今年の定時株主総会に出席して感じたこと(雑感です)

6月総会もピークですね。私は26日、27日と二日続けて株主総会に出席しておりました(取締役と監査役です)。当事者としていろいろと書きたいこともございますが、(守秘義務に留意しつつ控えめに)感想を述べておきます。

昨日(6月26日)の総会では、私が筆頭社外取締役(ガバナンス委員会委員長)ということで、投資家の株主の方からふたつほどご質問を受けました。ひとつは改訂されたガバナンス・コードとの関係で「当社では役員60才定年制を厳守しているが、社長の選任・解任に関する基準はきちんと決まっているのか、もし決まっているのであれば、社長選任においてガバナンス委員会としてはどのような点に重きを置いて判断しているのか」というもの。

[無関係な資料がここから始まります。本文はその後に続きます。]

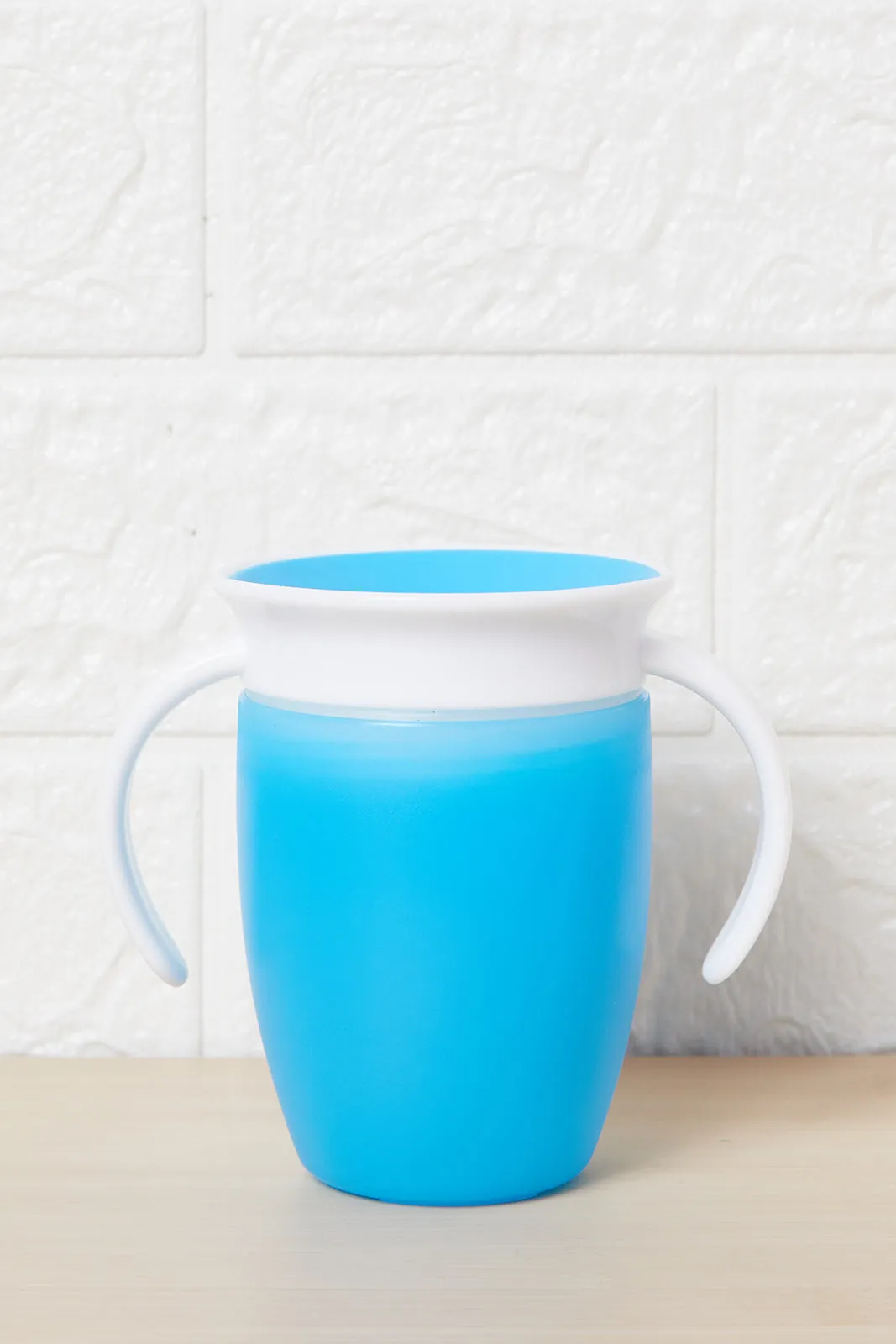 Munchkin Blue Miracle 360 Trainer Cup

そしてもうひとつは、当社のマスコミ等における風評から、社外取締役としては事故・事件の発生についてはきちんと報告を受け、対策を審議しているのか、というご質問。いずれも事前の想定問答集にはまったく掲載されていなかったご質問内容でしたが、まさにガバナンス委員会として普段から議論をしているところなので(守秘義務に反しない範囲で具体的に)回答をさせていただきました。やはりガバナンスやコンプライアンスに関連するご質問は増えていますし、(もちろん議長からの指名が前提ですが)社外取締役自身が回答しなければならない場面も増えていると思います。

そして本日(6月27日)は、株主総会自体はとくに問題なく終了したものの、終了後に社長(パナソニック出身)からお聴きしたパナソニックの株主総会の運営に関する話が興味深いものでした。会場出席の株主数が7000名、大阪城ホールの3階席まで出席者がいらっしゃるというのもたいへんなもの。東京、名古屋会場と映像でつなぐ、というのもパナソニックならお手のモノといったところでしょうか。3階席の株主の方が手を挙げたときに、どのように指名するか、といったことや、発言の打ち切り方、退場命令の出し方など、いわゆる議長の議事進行権限の行使については参考になりました。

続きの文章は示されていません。